■ **WHAT YOU NEED TO DO**
Copy out all of the data that follows, exactly as it appears.

--- RECORDS PROVIDED Enclosed Below ---

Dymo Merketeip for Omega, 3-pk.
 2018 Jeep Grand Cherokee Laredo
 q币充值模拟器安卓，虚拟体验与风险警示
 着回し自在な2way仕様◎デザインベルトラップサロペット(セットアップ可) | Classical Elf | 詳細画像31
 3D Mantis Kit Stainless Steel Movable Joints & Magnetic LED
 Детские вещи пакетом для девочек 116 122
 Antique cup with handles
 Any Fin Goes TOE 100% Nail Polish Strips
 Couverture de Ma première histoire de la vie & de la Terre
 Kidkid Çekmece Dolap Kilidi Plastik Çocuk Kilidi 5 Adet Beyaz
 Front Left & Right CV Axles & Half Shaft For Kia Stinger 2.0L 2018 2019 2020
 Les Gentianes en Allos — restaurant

--- End of Enclosed RECORDS PROVIDED ---

■ **ANSWER FOR THIS EXERCISE**
Dymo Merketeip for Omega, 3-pk.
 2018 Jeep Grand Cherokee Laredo
 q币充值模拟器安卓，虚拟体验与风险警示
 着回し自在な2way仕様◎デザインベルトラップサロペット(セットアップ可) | Classical Elf | 詳細画像31
 3D Mantis Kit Stainless Steel Movable Joints & Magnetic LED
 Детские вещи пакетом для девочек 116 122
 Antique cup with handles
 Any Fin Goes TOE 100% Nail Polish Strips
 Couverture de Ma première histoire de la vie & de la Terre
 Kidkid Çekmece Dolap Kilidi Plastik Çocuk Kilidi 5 Adet Beyaz
 Front Left & Right CV Axles & Half Shaft For Kia Stinger 2.0L 2018 2019 2020
 Les Gentianes en Allos — restaurant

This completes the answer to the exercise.